Hi Arianne Chung,
Welcome to Microsoft Q&A Platform, thanks for posting your query here
Some alternative methods to capture the size of your data lake more efficiently:
Parallel Processing:
- Horizontal Scaling: Distribute the workload across multiple nodes to process different parts of the data lake simultaneously. Tools like Apache Spark can help with this.
https://learn.microsoft.com/en-us/azure/databricks/lakehouse-architecture/performance-efficiency/best-practices - Serverless Architectures: Use serverless compute services Azure Functions to run multiple instances of your script in parallel.
- Optimized Data Storage:
- Partitioning: Organize your data into partitions based on certain criteria (e.g., date, region) to reduce the amount of data each script instance needs to process
- Incremental Updates:
- Instead of scanning the entire data lake each time, track changes and only process new or modified data. This can be achieved using tools like Apache Hudi or Delta Lake
- Performance Monitoring:
Regularly monitor and optimize the performance of your data lake operations.
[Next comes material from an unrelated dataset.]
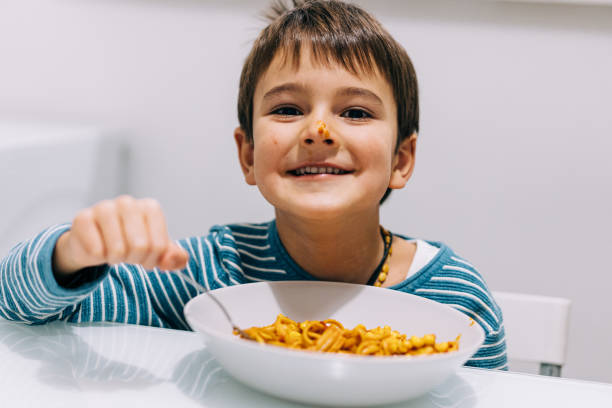 istock Cute boy eating spaghetti for dinner and making a mess. 1359835158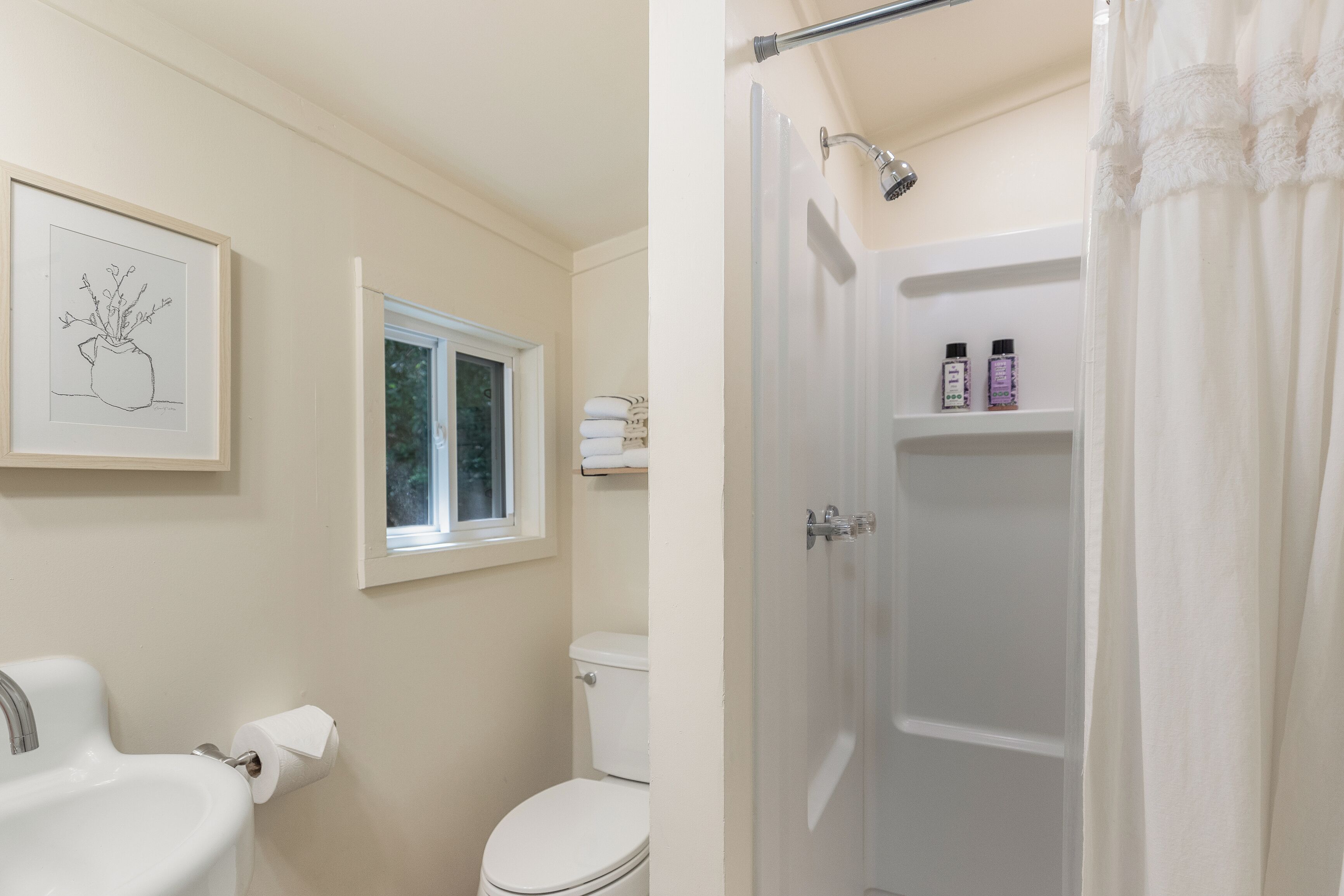 A bathroom with a toilet, sink, and shower. There is a window above the toilet and a shower curtain.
This includes identifying and addressing bottlenecks in your current script.
https://learn.microsoft.com/en-us/azure/databricks/lakehouse-architecture/performance-efficiency/best-practices
Implementing these strategies can significantly reduce the time required to capture the size of your data lake
Please do not forget to "Accept the answer” and “up-vote” wherever the information provided helps you, this can be beneficial to other community members.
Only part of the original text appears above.